This summer while on vacation, I had the pleasure of reading Robert Cialdini’s excellent book Influence: The Psychology of Persuasion, which I can’t recommend highly enough. In the opening chapter, “The Weapons of Influence,” Cialdini discussed an interesting psychology experiment that reminded me of a recent post Amy Beth wrote about her vacation. She talked about the importance of explaining why people should comply with your requests, but Cialdini’s explanation helped me understand the value of that practice even better.
The experiment went like this: Experimenters approached people waiting in line for a copy machine. In the first round of the experiment, they asked “Excuse me, I have five pages.

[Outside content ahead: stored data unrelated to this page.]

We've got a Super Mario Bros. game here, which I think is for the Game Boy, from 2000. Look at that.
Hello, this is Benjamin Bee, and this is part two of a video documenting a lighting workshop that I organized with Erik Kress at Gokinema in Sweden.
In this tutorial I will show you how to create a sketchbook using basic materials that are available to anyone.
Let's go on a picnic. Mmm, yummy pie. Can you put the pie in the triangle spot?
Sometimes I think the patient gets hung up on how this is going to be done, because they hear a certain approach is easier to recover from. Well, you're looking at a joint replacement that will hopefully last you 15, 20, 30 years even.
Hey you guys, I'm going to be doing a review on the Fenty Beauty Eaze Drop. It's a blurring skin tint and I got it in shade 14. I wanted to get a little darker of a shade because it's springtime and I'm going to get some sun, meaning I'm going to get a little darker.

May I use the Xerox machine, because I’m in a rush?” Ninety-four percent of people granted their request when it was coupled with an explanation (“I’m in a rush”).

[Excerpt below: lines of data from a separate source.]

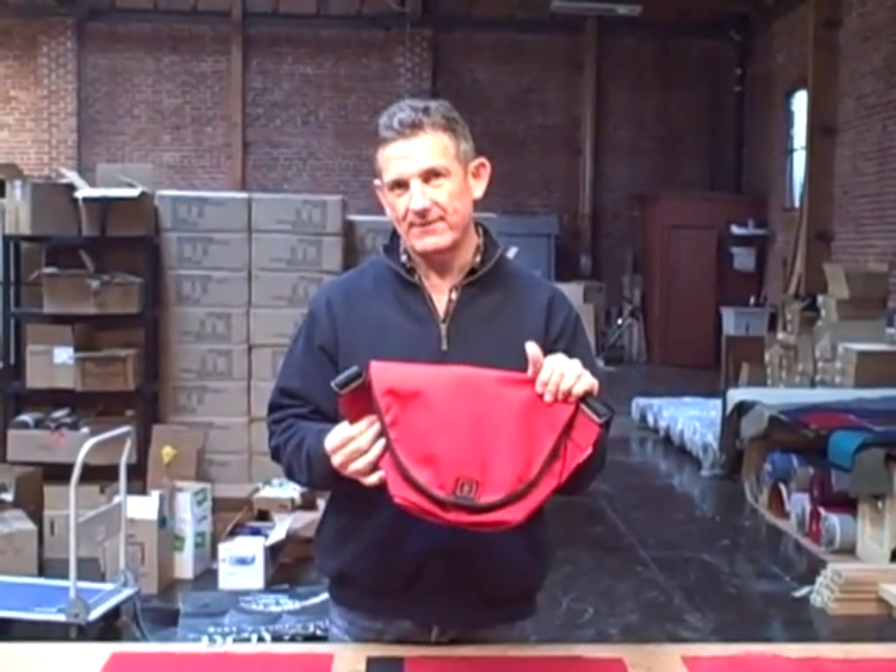Hi, it's Mark here at Rickshaw Bag Works with a quick explanation of the inspiration behind our Xero messenger bag. The term Xero refers to zero manufacturing waste, and it really gets to how we cut the fabric that's used to make this bag.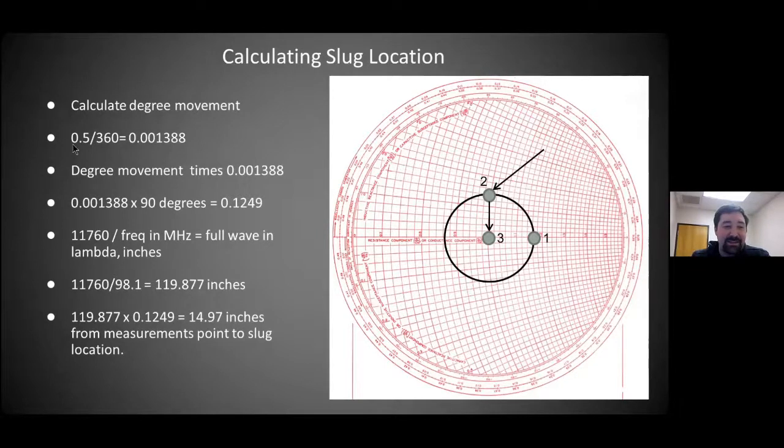So then we take 11,760 divided by the frequency — that's going to be the full-wave lambda in inches. We take 11,760 and that would be the movement from zero degrees to 90 degrees.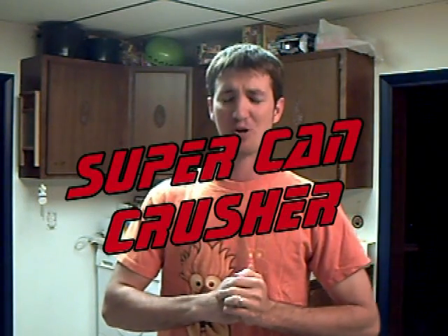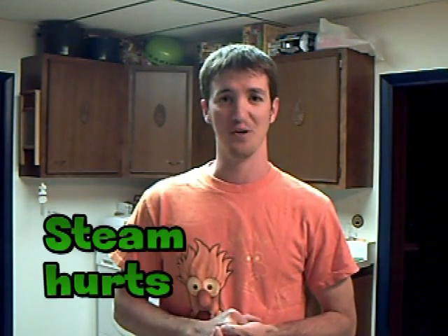Howdy, Mr. Kern again. This lab is called the Super Can Crusher, and as you can already tell, it's one of the more entertaining ones. It's pretty cool — so cool that you should probably ask your parents to make sure you can do it, because there is a very real chance that you will get burnt doing this.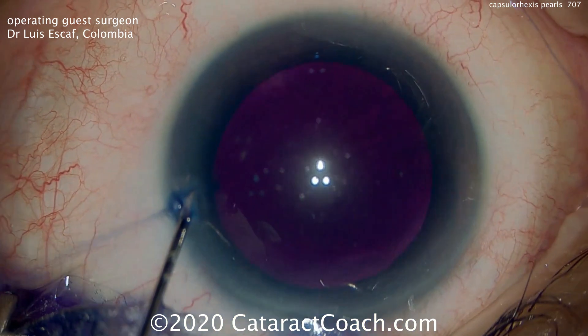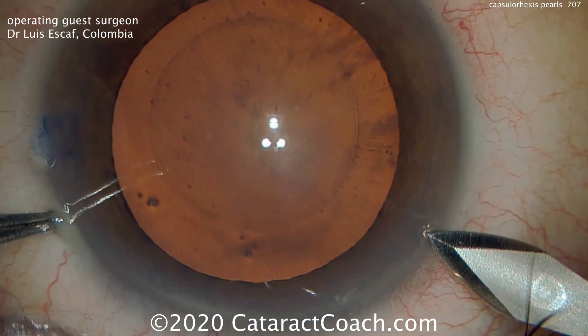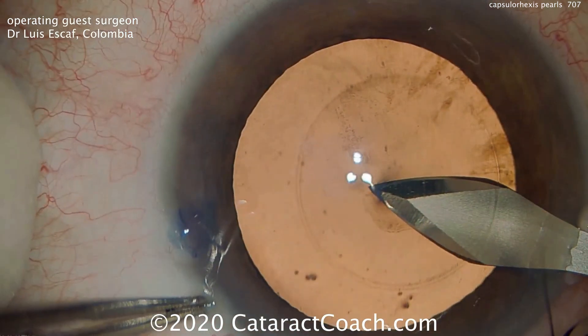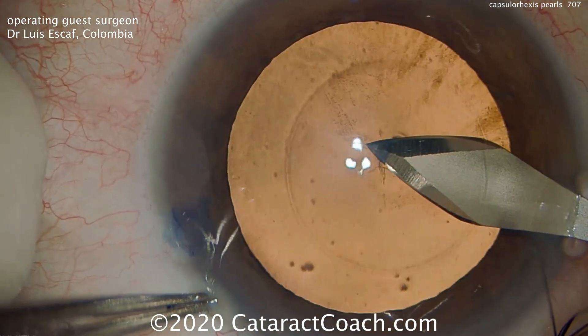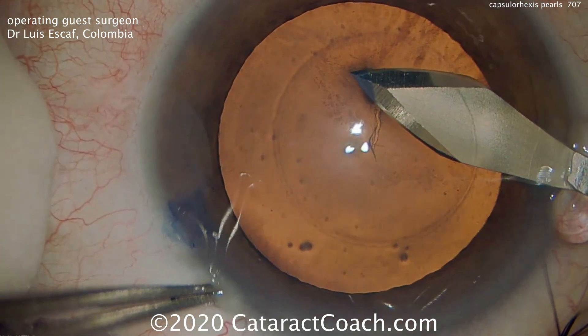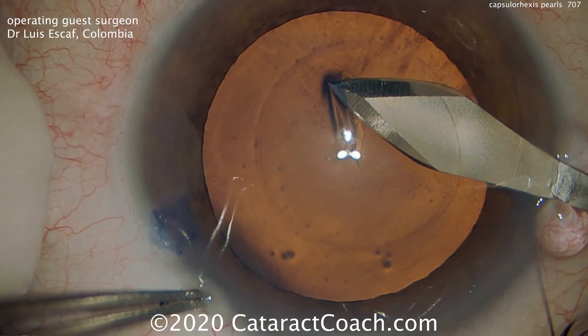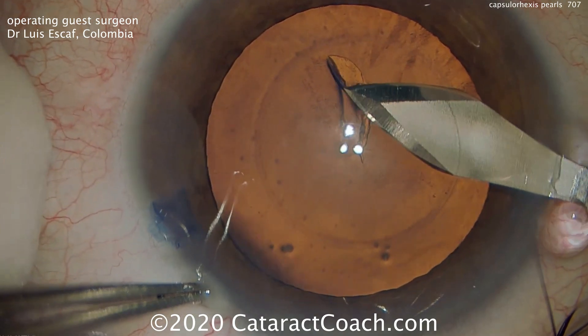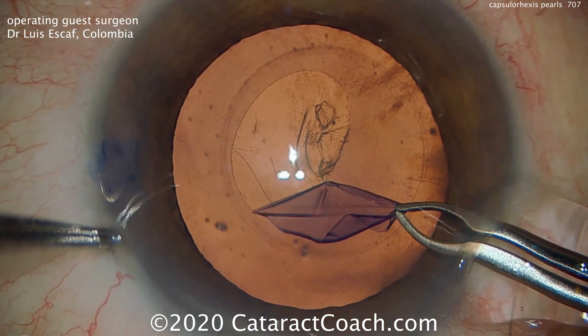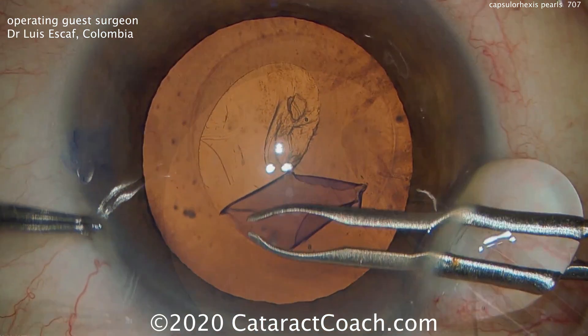We'll make a 5.5mm mark on the cornea, and that corresponds to a 5mm rexis. The main incision is being made, and now the same keratome is going to be used to slice into the anterior lens capsule and flip over the capsule to start the capsulorhexis. Very interesting technique — I've never seen this before. You could use a cystitome instead, but this technique saves a step.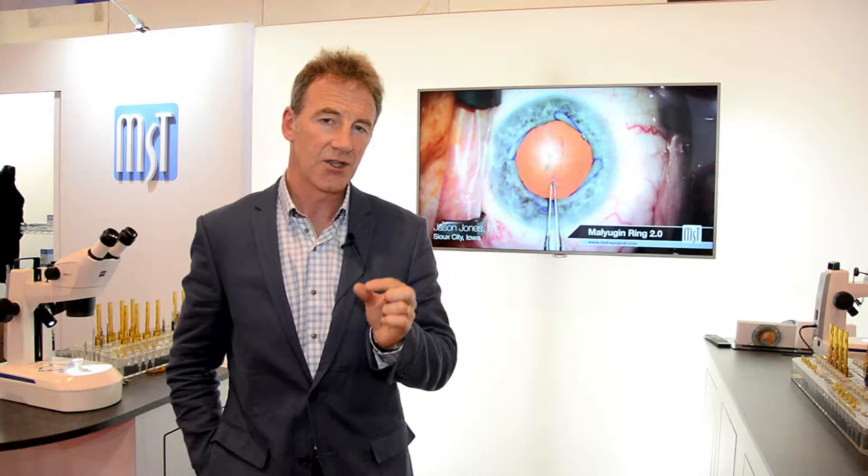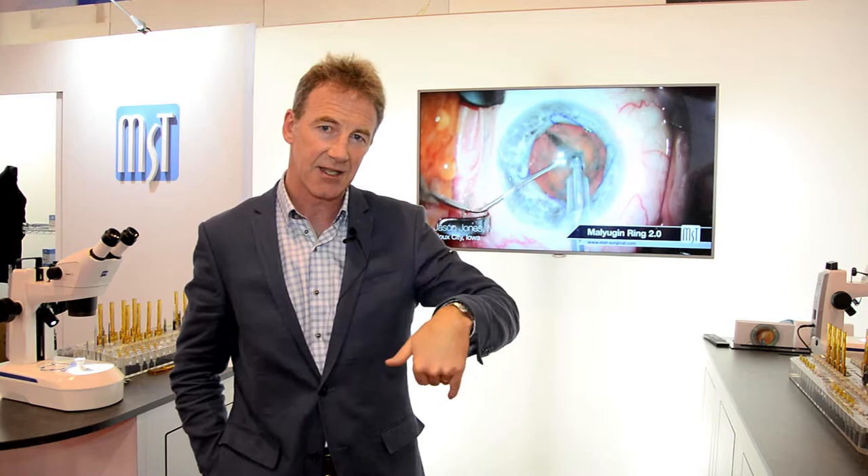The new design of MST with the double filament means they don't roll in your fingertips. The extended arm means unlike the iris retractors they extend into the capsular bag and support the whole of the capsular bag.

In the second round, they eliminated the reason and simply asked “Excuse me, I have five pages. May I use the Xerox machine?” In those cases, only 60% of people let them cut in line, a significant drop.
In the third and final round of the experiment, they asked “Excuse me, I have five pages. May I use the Xerox machine, because I have copies?” They reinserted the trigger word “Because,” but instead of following it with a legitimate reason, they said something pointless and obvious. Of course they have copies; why else would they want to use the copy machine? Logic would tell us that this method wouldn’t be any more effective that the second request, but surprisingly, 93% of people said “Yes.”
The experiment indicates that we have an automatic response to the word “Because.” We assume that it will be followed by a genuine reason, and—apparently—we often go along with requests just because it’s there.
I don’t condone manipulating people with nonsensical or worthless reasons, but I agree with Amy Beth that following up a request or suggestion to customers, employees or co-workers with authentic reasons is a great practice.
A few days after I returned from my vacation, I visited my mom at a local hospital, where she was recovering from a successful knee surgery. As I rode in the elevator and read the above sign, I thought “Hey, they must have read Cialdini’s book too!” I don’t know if that’s really the case, but regardless, I suspect that their explanation for why their elevator doors close so slowly probably is very effective for calming anxious hospital visitors who wouldn’t otherwise be inclined to patience.
In what situations have you found that offering a reason has been effective?